Performances are at 8 p.m. Friday and Saturday through Dec. 17 at the Marquis Gallery, 3717 India St., San Diego.

Potpourri Productions, the small company atop Busalacchi’s restaurant in Hillcrest that sent “Fortune and Men’s Eyes” to New York last year, is back with a new producer, a new show and a new but familiar site.

James Vaughn, the one returning member of the original Potpourri company, has settled on Hotel San Diego, the old home of the now-defunct Broadway Dinner Theatre, as a home for “In Trousers,” a William Finn musical (playing through Nov. 20) about a married man who realizes he is gay.

“In Trousers” is directed by Tim Irving, who delivered an exceptional performance as Arnold Beckoff, the lead character in Harvey Fierstein’s “Torch Song Trilogy” at the North Coast Repertory Theatre last year. It’s a fitting connection. Finn’s sensitivity to how a gay man’s difficulty in accepting himself can also hurt those who love him qualifies Finn as a musical Fierstein.

One of the main differences between “In Trousers” and “Torch Song Trilogy” is the focus “In Trousers” places on Marvin, the gay man trying to accept himself, rather than the gay man in “Torch Song Trilogy” trying to get his lover to accept his gayness.

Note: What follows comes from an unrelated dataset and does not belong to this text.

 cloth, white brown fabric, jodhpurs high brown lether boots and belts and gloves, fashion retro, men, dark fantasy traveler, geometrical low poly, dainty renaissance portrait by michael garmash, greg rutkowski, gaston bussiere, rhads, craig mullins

Another is that “Torch Song Trilogy” is more rooted in reality, where “In Trousers” has a bit of a gay man’s “Stop the World, I Want to Get Off” naivete about it. There is not so much soul-searching on the part of Finn’s Marvin as there is a sense of the writer just reporting the facts, ma’am. Still, in the process of reportage, “In Trousers,” like “Stop the World, I Want to Get Off,” manages to be funny, tuneful and poignant, even if it stays miles shy of profound.

Advertisement

The supporting parts are the strongest here: talented Christine McHugh, who played the charming ingenue in the Gaslamp Quarter Theatre production of “Nite Club Confidential,” is back as Marvin’s high school sweetheart. Stephanie Cooper-Wise is terrifically funny as Marvin’s irrepressible teacher, Miss Goldberg. Together, they have one of the best numbers in the show, the “Wedding Song” in which they pretend to be happy about losing Marvin to another woman.

Andrew Marvel, as Marvin’s love object, Whizzer Brown, perfectly captures the cautious, loving, ironic, yet seductive air of the man who is listening to his lover tell him the stories that are being acted out on stage.

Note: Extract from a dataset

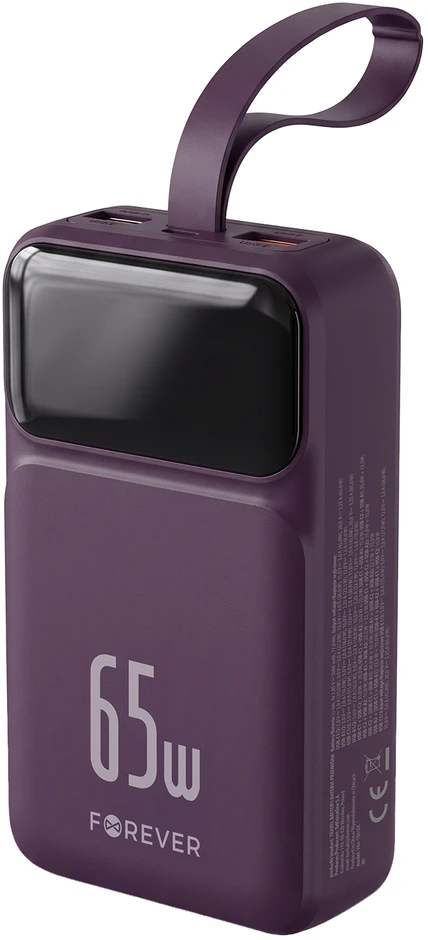 Forever išorinė baterija Vibe-TB65 PD QC 65W 20000 mAh tamsiai vyšninė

In the lead roles, Peter Morse has more of a struggle bringing what should be the powerful charisma of the conflicted Marvin to the fore; Debbie Luce, in the similarly difficult role of Marvin’s wife, gains strength as the evening goes on, but unfortunately seems to have accepted defeat before the battle is half begun.

The three-person band sparkles under the musical direction of Marta Zekan, and the choreography by the ubiquitous Javier Velasco (what isn’t the “Suds” choreographer designing around town these days?) is, as usual, delightful. The production crew showed admirable ingenuity and calm as it compensated for a recent theft of props and a 10-minute intermission problem with the lights.

Potpourri has plans for future productions in the Hotel San Diego space. The comfortable cabaret-style environment is not dissimilar to the Criterion Stage Left in New York, where “Suds” is now situated. It should prove a welcome venue for future shows for this and other companies.

Performances are at 8 p.m. Tuesday-Friday, 7 p.m. and 10 p.m. Saturday and 7 p.m. Sunday through Nov. 20. At Hotel San Diego, 339 W. Broadway.